The Partnership has indemnified Richmond Gables Associates and Daniel/Metcalf
Associates Partnership and the related co-venture partners, against all
liabilities, claims and expenses associated with these borrowings.
<PAGE>
PAINEWEBBER EQUITY PARTNERS TWO LIMITED PARTNERSHIP
MANAGEMENT'S DISCUSSION AND ANALYSIS
OF FINANCIAL CONDITION AND RESULTS OF OPERATIONS
Information Relating to Forward-Looking Statements
- --------------------------------------------------
The following discussion of financial condition includes forward-looking
statements which reflect management's current views with respect to future
events and financial performance of the Partnership. These forward-looking
statements are subject to certain risks and uncertainties, including those
identified in Item 7 of the Partnership's Annual Report on Form 10-K for the
year ended March 31, 1997 under the heading "Certain Factors Affecting Future
Operating Results", which could cause actual results to differ materially from
historical results or those anticipated. The words "believe", "expect",
"anticipate," and similar expressions identify forward-looking statements.
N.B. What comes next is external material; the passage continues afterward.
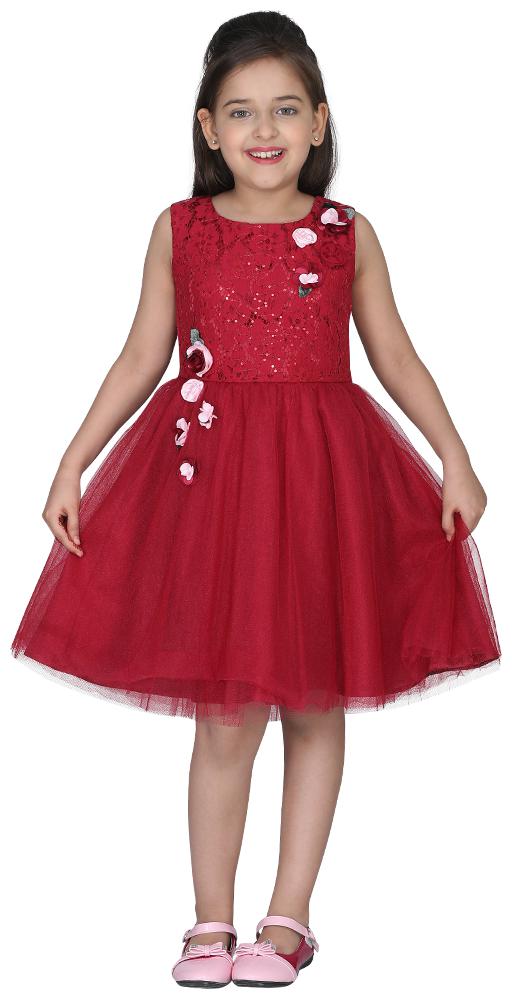 

Cutecumber Maroon Lace Sleeveless Knee Length Princess Frock ( Pack of 1 )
Readers are cautioned not to place undue reliance on these forward-looking
statements, which were made based on facts and conditions as they existed as of
the date of this report. The Partnership undertakes no obligation to publicly
update or revise any forward-looking statements, whether as a result of new
information, future events or otherwise.
Liquidity and Capital Resources
- -------------------------------
In light of the continued strength in the national real estate market with
respect to multi-family apartment properties and the recent improvements in the
office/R&D property markets, management believes that this may be an opportune
time to sell the Partnership's remaining operating investment properties. As a
result, management is currently focusing on potential disposition strategies for
the six remaining investments in the Partnership's portfolio. Although there are
no assurances, it is currently contemplated that sales of the Partnership's
remaining assets could be completed within the next 2 to 3 years.
As discussed in the Annual Report, management discovered the existence of
certain potential construction problems at the Asbury Commons Apartments during
fiscal 1997. The initial analysis of the construction problems at Asbury Commons
revealed extensive deterioration of the wood trim and evidence of potential
structural problems affecting the exterior breezeways, the decks of certain
apartment unit types and the stairway towers. A design and construction team was
organized to further evaluate the potential problems, make cost-effective
remediation recommendations and implement the repair program. Based on this
evaluation, the structural problems may be more extensive and cost significantly
more than originally estimated. It will also require further investigation which
together with eventual construction repair work may result in disruptions to
property operations while units are possibly taken out of service for testing
and repairs. The cost of the repair work required to remediate this situation is
currently estimated at between approximately $1.5 to $2 million. During the
third quarter of fiscal 1998, bid application packages were distributed to
pre-qualified contractors. It is anticipated that the construction contracts
will be executed and that repair and replacement work will commence during the
quarter ending March 31, 1998. During the first quarter of fiscal 1998, the
Partnership filed a warranty claim against the manufacturer of the
wood-composite siding used throughout Asbury Commons. During the second quarter,
the Partnership filed a warranty claim against the manufacturer of the
fiberglass-composite roofing shingles installed when the property was built.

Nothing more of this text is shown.